Looking back at 2021, the car market is bustling and bustling: lack of cores, price increases, and the epidemic have repeatedly impacted the market, the energy revolution has profoundly affected the industrial pattern, and the iteration of new and old technologies has reshaped the automotive ecology. For the global automotive industry, this year has been full of ups and downs and ups and downs, and what important events are worth talking about. Here, "Automotive Vertical" sorts out the top ten annual events in the global automotive industry in order to seek to see the micro-knowledge and feed the readers.

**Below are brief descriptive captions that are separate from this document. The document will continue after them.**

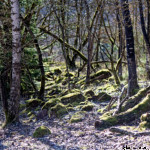 image: Image from the photoset &lsquo;rumelange (xxxii)&rsquo;.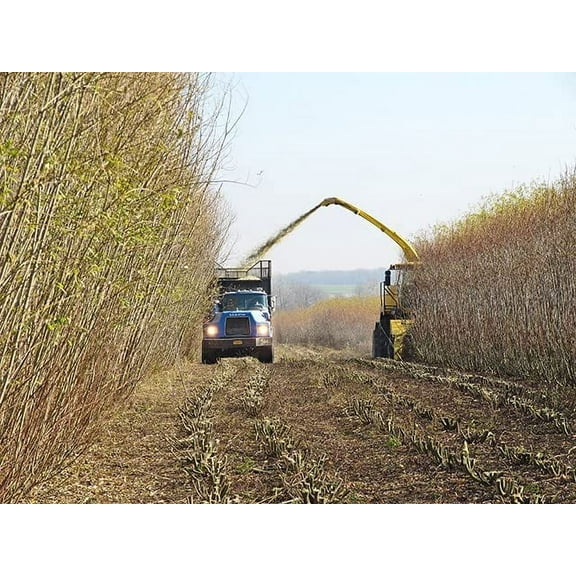 Grow Willow for Biofuel, Biomass - Fresh Cuttings to Plant - Easy and Very Fast Growing Hybrid Willow (200 Cuttings)
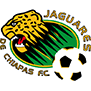 Jaguares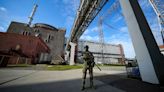 Russia detains Zaporizhzhia nuclear plant head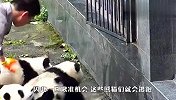 摄影师：不好了熊猫又跑了！奶妈：不是在这儿嘛？结局笑翻了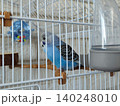 Cute Blue Budgerigar Sitting Inside Cage as Beloved Pet 140248010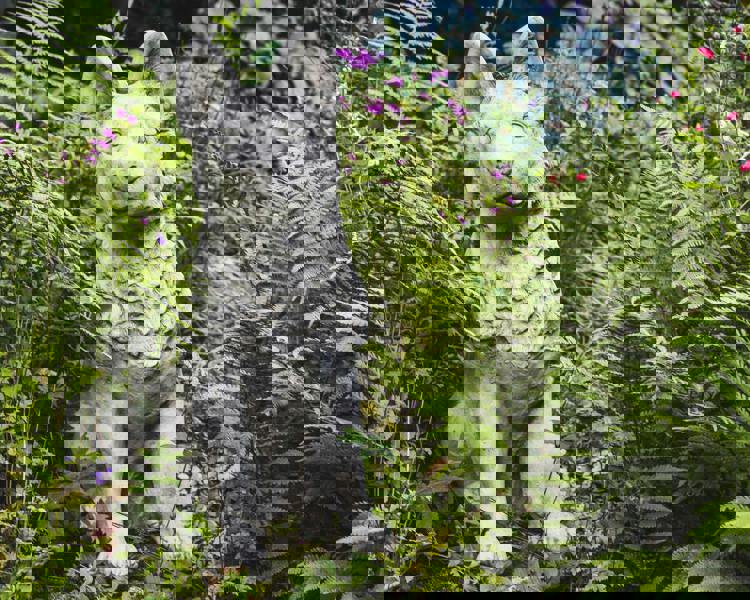 Large Alsatian/German Shepherd Dog Stone Cast Garden Ornament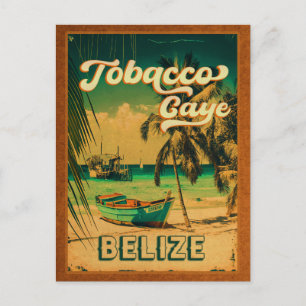 Tobacco Caye Belize Vintag Palm Trees Souvenirs Postkarte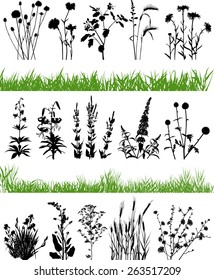 Plant collection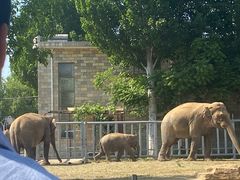 -石家庄市动物园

Top 10 Annual Events in the Global Automotive Industry in 2021: "10 Top Ten Inventory (10)"

1 Competing for carbon neutrality, global car companies are also "rolled in"

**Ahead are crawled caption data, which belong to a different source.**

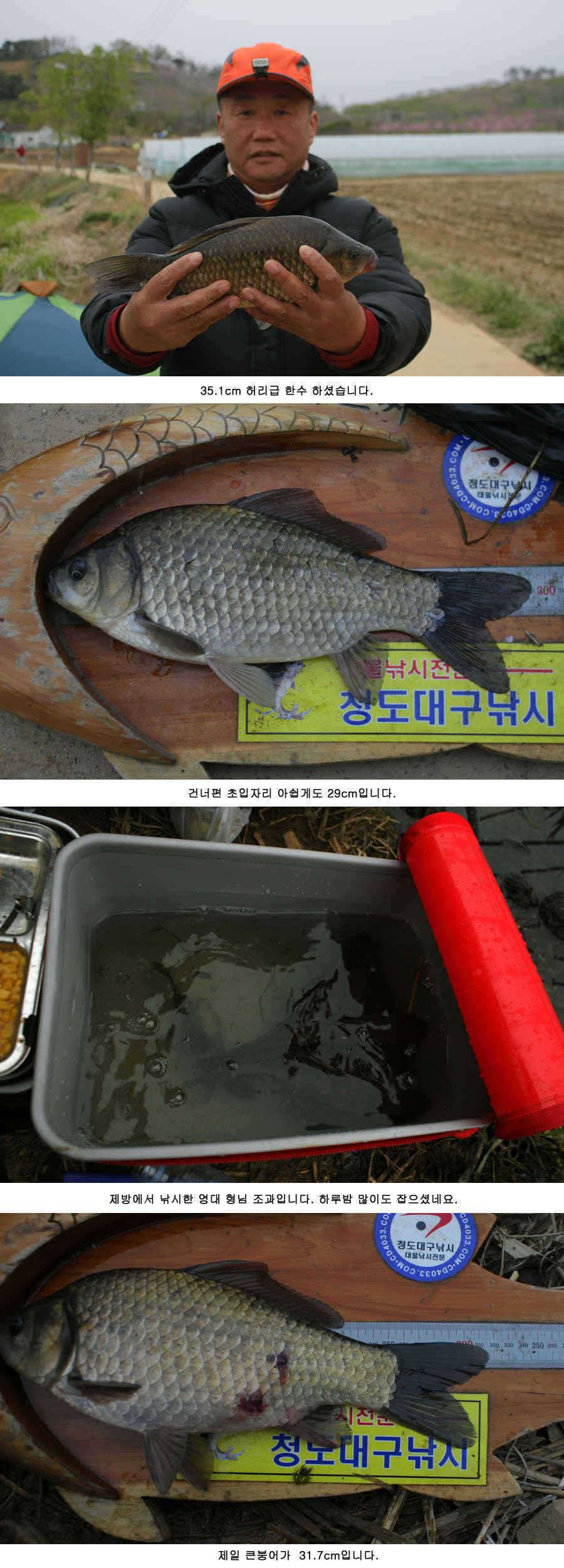 청도권 주말 조황 정보 (조황조행기 - 특파원조황)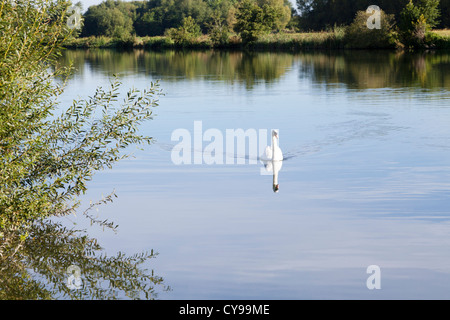 Un cigno sul Fiume Tamigi a Moulsford, Oxfordshire, Regno Unito Foto Stock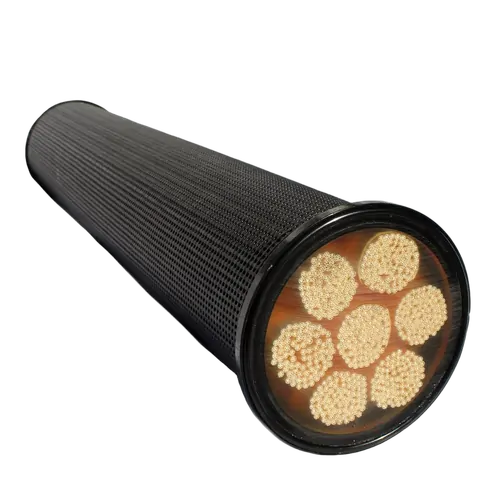 LifeSaver Spare Filter for C1 and C2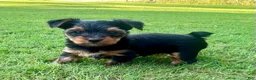 Yorkshire Terrier dogs for sale: Minnie  - Ad 1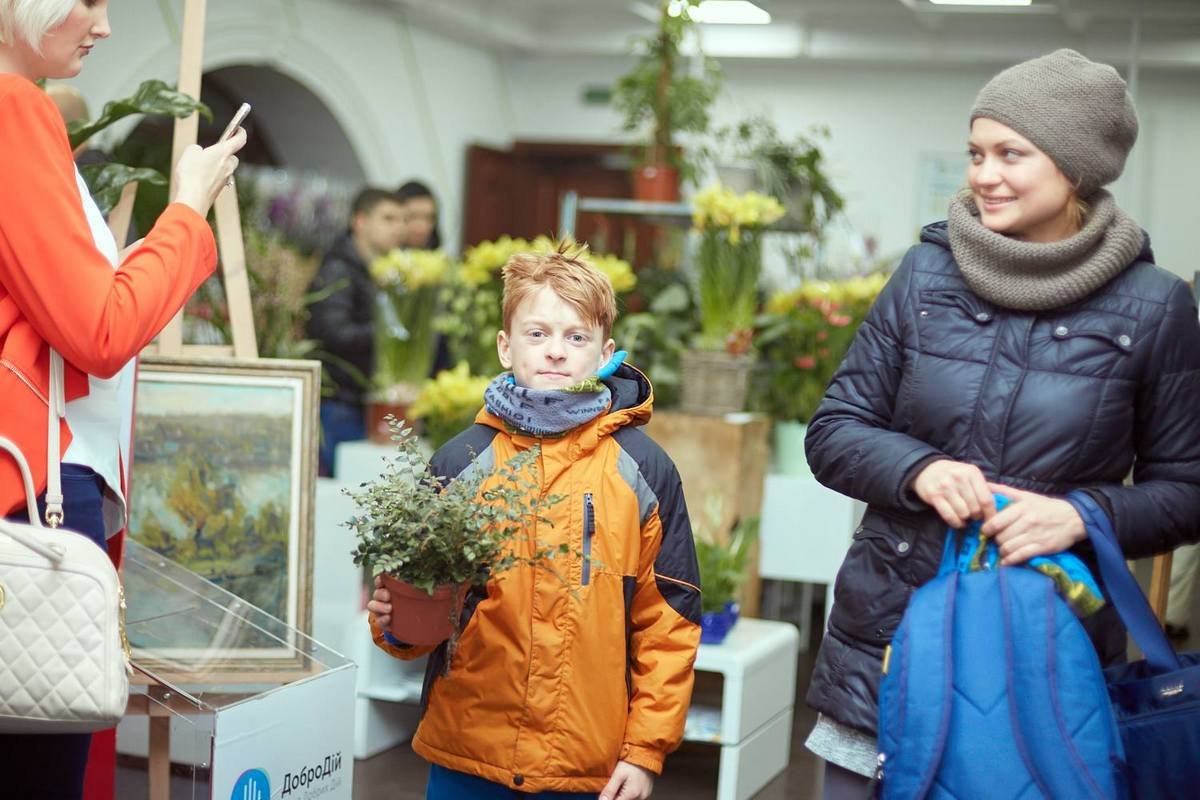 На выставке было много домашних цветов из Голландии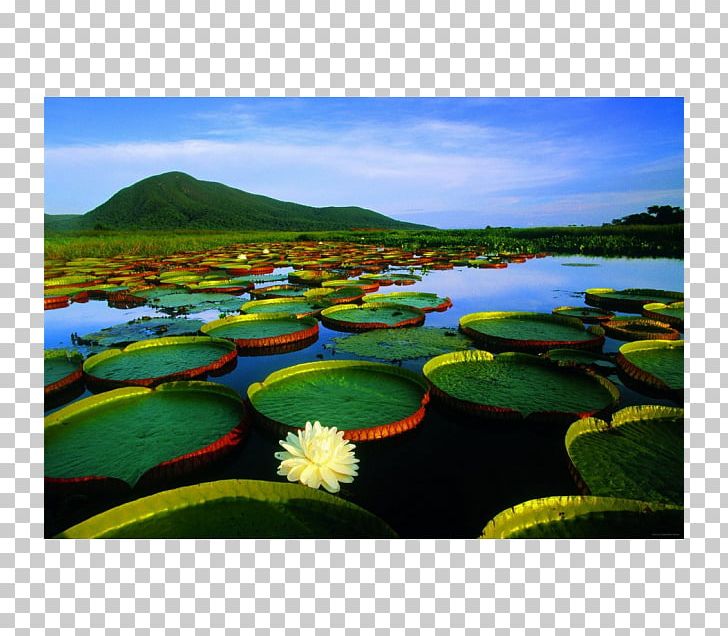 Pantanal Cuiabá Landscape Nature Desktop PNG, Clipart, Brazil, Centralwest Region Brazil, Computer Wallpaper, Ecosystem, Grass Free PNG Download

On November 10, 2021, during the 26th United Nations Climate Change Conference held in Glasgow, England, byd, Ford, GM, Jaguar Land Rover, Mercedes-Benz and Volvo, six major car companies promised to stop selling fuel vehicles before 2040, and only sell zero-emission new energy vehicles. At the same time, traditional car companies such as Volkswagen, Toyota, BMW, Nissan and Stellantis refused to sign the pledge. Although there are obvious differences in the attitude of participating car companies to climate commitments, the industrial transformation caused by "zero carbon" has attracted enough attention in the automotive industry, and the world's major automakers have successively formulated long-term plans to achieve "decarbonization". In order to win the protracted battle of "decarbonization", 21 major car companies and parts manufacturers have announced the "decarbonization" timetable.

Quick review

More and more companies are beginning to incorporate climate risks into their long-term strategies. Under the wave of global carbon neutrality, green transformation has become an inevitable choice for automakers. Carbon neutrality is both an opportunity and a challenge for the automotive industry. Although the action force is not uniform, global car companies are still steadily transforming in accordance with their respective carbon neutral strategies and gradually achieving carbon emission reduction.

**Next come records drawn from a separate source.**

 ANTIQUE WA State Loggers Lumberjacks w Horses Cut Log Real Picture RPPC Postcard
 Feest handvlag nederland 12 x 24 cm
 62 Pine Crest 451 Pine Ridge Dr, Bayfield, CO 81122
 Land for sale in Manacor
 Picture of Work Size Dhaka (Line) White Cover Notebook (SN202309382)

2 The global automotive industry is "panicked" due to "core shortage"

Since the beginning of 2021, the global shortage of automotive chips has affected many manufacturers, and car giants such as General Motors, Ford, Hyundai, and Toyota have been affected, and many of its factories have stopped production to varying degrees. According to research institutions, the shortage of chips has led to a reduction of about 11.3 million global car production in 2021. Production in North America was reduced by approximately 3.4 million units in the whole year, and in Europe, where there were many automakers, production was reduced by about 3.35 million units.

The shortage of chips caused by factors such as the epidemic has made the chip industry more concerned than ever by governments, industry stakeholders, manufacturers and even end consumers. However, the epidemic has not stopped the pace of electrification and intelligence of the global automotive industry, and based on different development goals, the penetration rate of new energy vehicles in various countries has continued to increase. The shortage of chips has become an important problem restricting the development of the automobile industry.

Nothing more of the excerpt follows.